▸ **Requirement**:
Hand back every line from the beginning of the data below through the line containing "Cannabinoids - What", word for word and free of pictures.

▸ **Record extracts**:
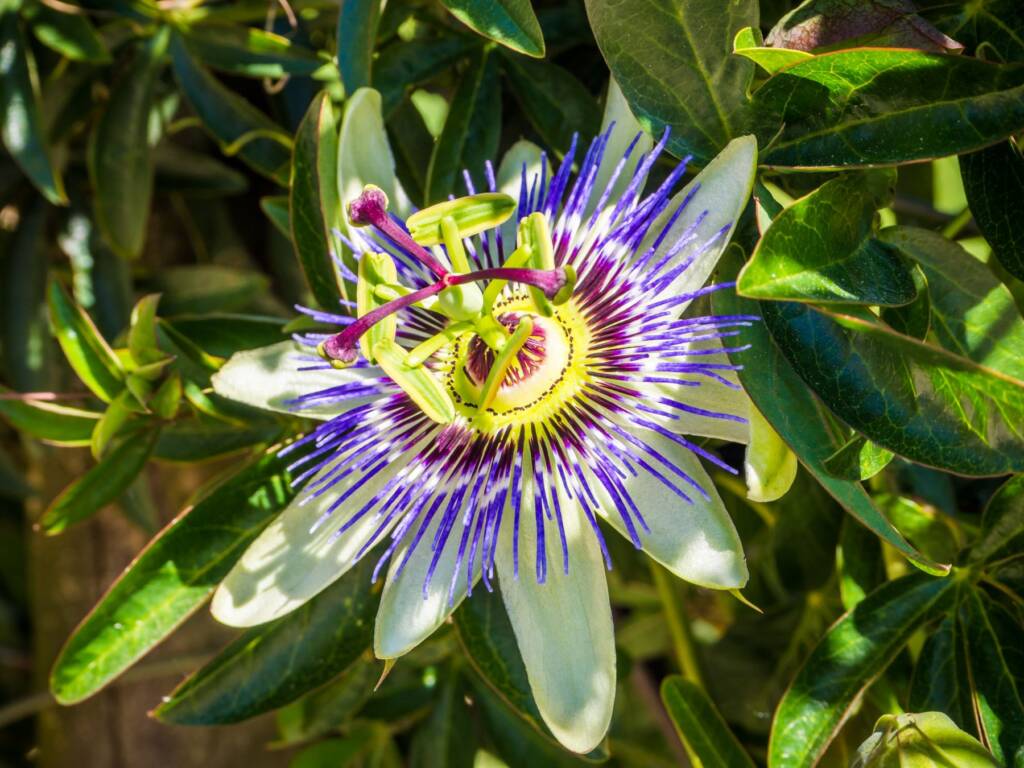 Blue Passionflower Extract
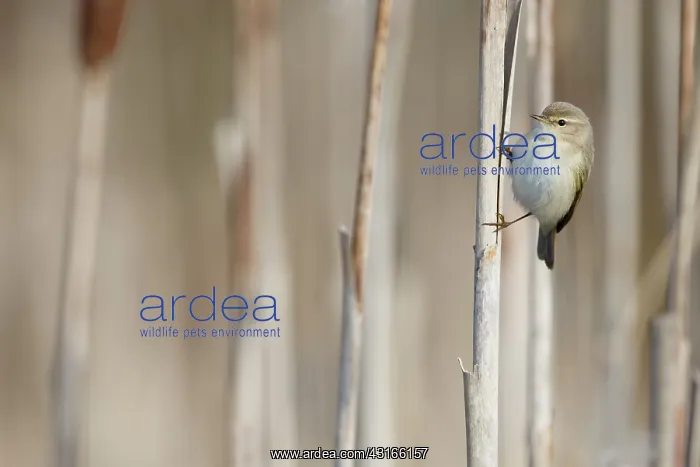 : Siberian Chiffchaff : Siberian Chiffchaff
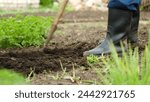 farmer working field, agriculture soil tilling, cultivating garden farm, rural farming activity, hoeing earth outdoors, vegetable garden care, agronomy cultivation techniques, sustainable farming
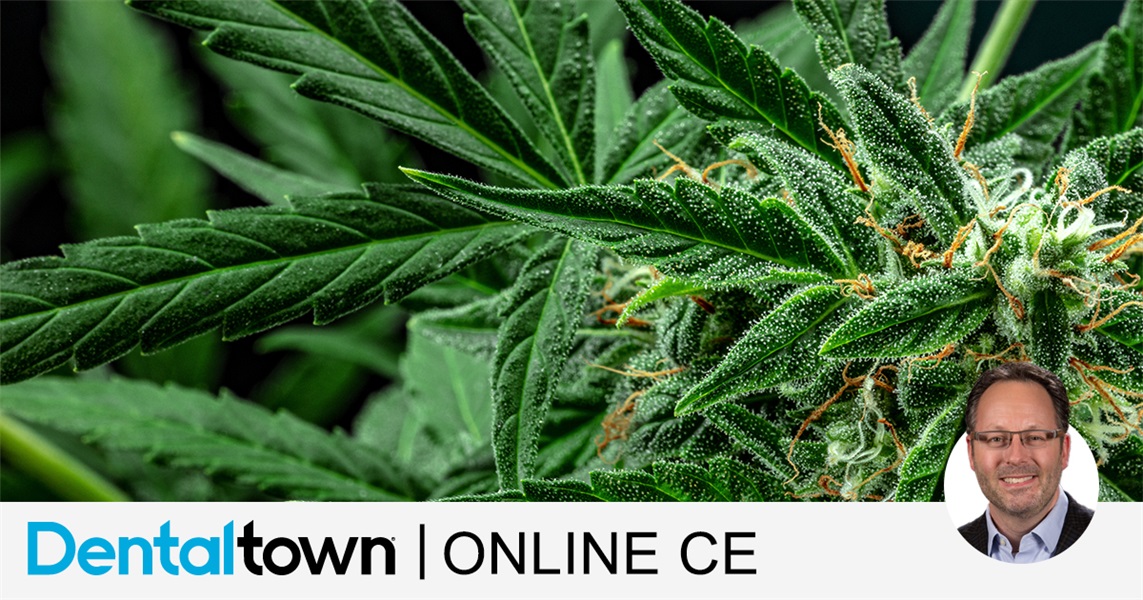 Cannabinoids - What the Practicing Dentist Needs to Know by Dr. Mark Donaldson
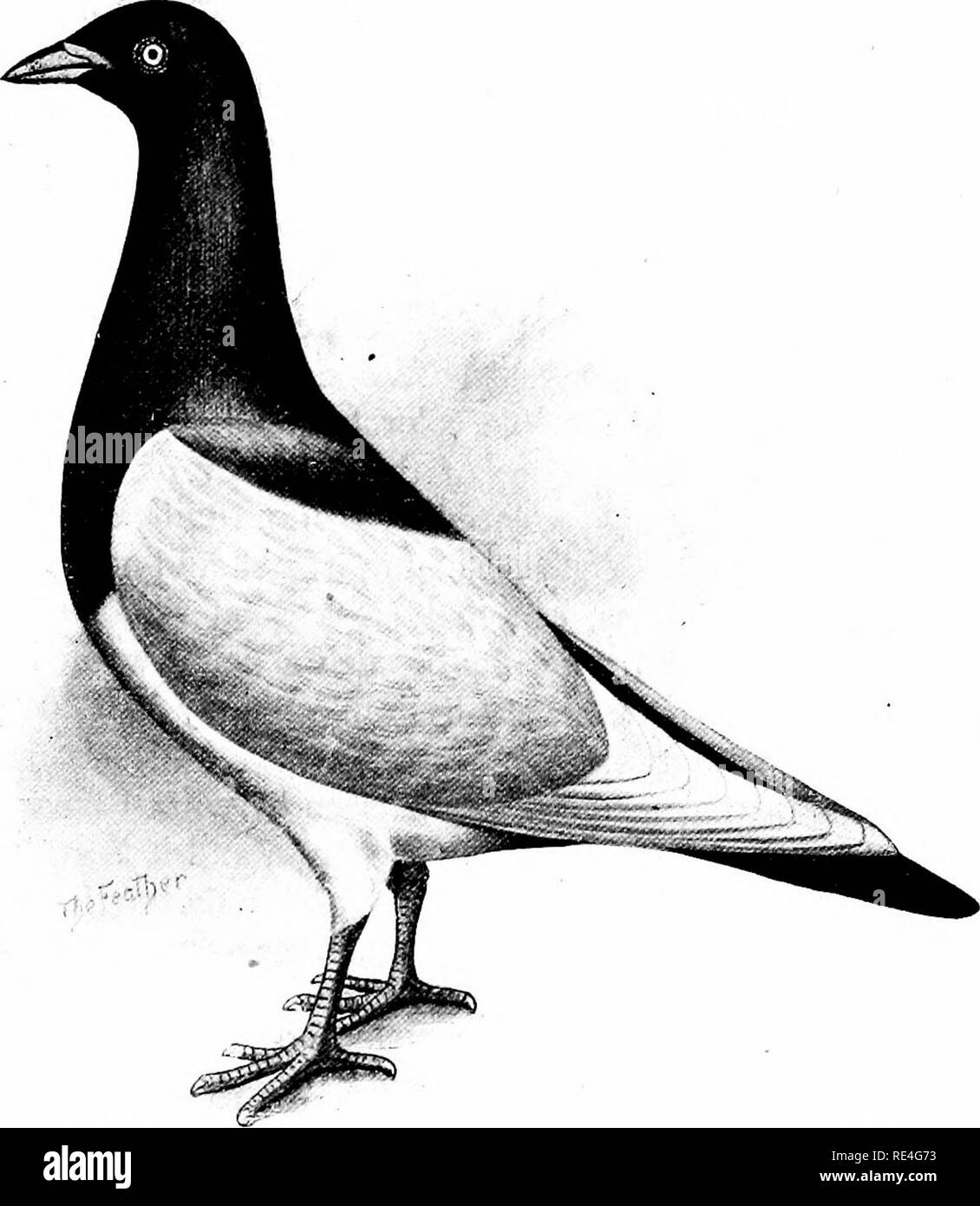 . La piuma di piccione pratico libro. I piccioni. Gazza nero uno dei più belli della nostra varietà di giocattoli di piccioni è . Senza dubbio la gazza. Originari di sbarramento rotante, è diventata ora una classe distinta dalla stessa con molti ammiratori. Si tratta di un piccolo uccello, snello e snake-simili, full- chested, con lunghi, corpo sottile e una vivace carrello. Testa, lunga; il cranio, depresso, ma non piatte, che curvano facilmente in tutte le direzioni; becco, salmone e oscurata la metà circa un pollice lungo; becco bargiglio, fine e piccole; EVE, o bianco perla, prominente, ma delicato; cere, piccola e luminosa di colore rosso o rosa; collo, "snakey;" ta Foto Stock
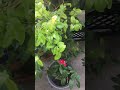 Growing surinam cherry in patio garden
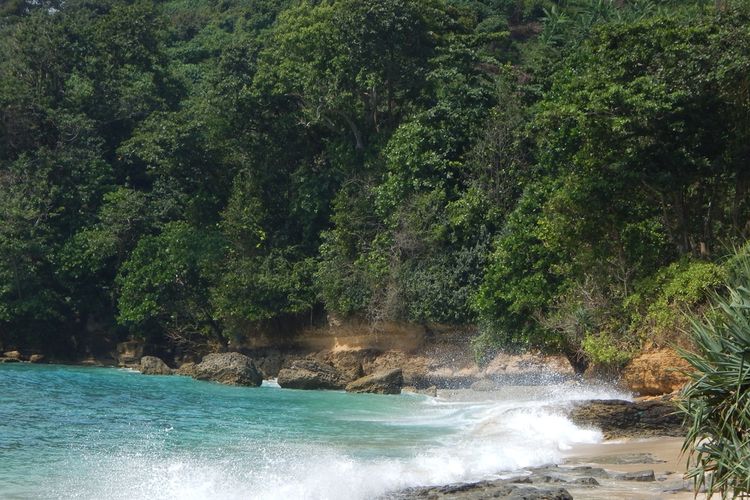 Pantai Sanggar di Tulungagung, Jawa Timur.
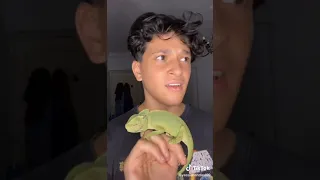 عارف مين تخن جميع نجوم التيك توك 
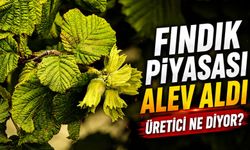 Fındık Piyasası Alev Aldı: Fiyatlar Üreticiyi Memnun Edecek Mi?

▸ **Answer to this exercise**:
 Blue Passionflower Extract
 : Siberian Chiffchaff : Siberian Chiffchaff
 farmer working field, agriculture soil tilling, cultivating garden farm, rural farming activity, hoeing earth outdoors, vegetable garden care, agronomy cultivation techniques, sustainable farming
 Cannabinoids - What the Practicing Dentist Needs to Know by Dr. Mark Donaldson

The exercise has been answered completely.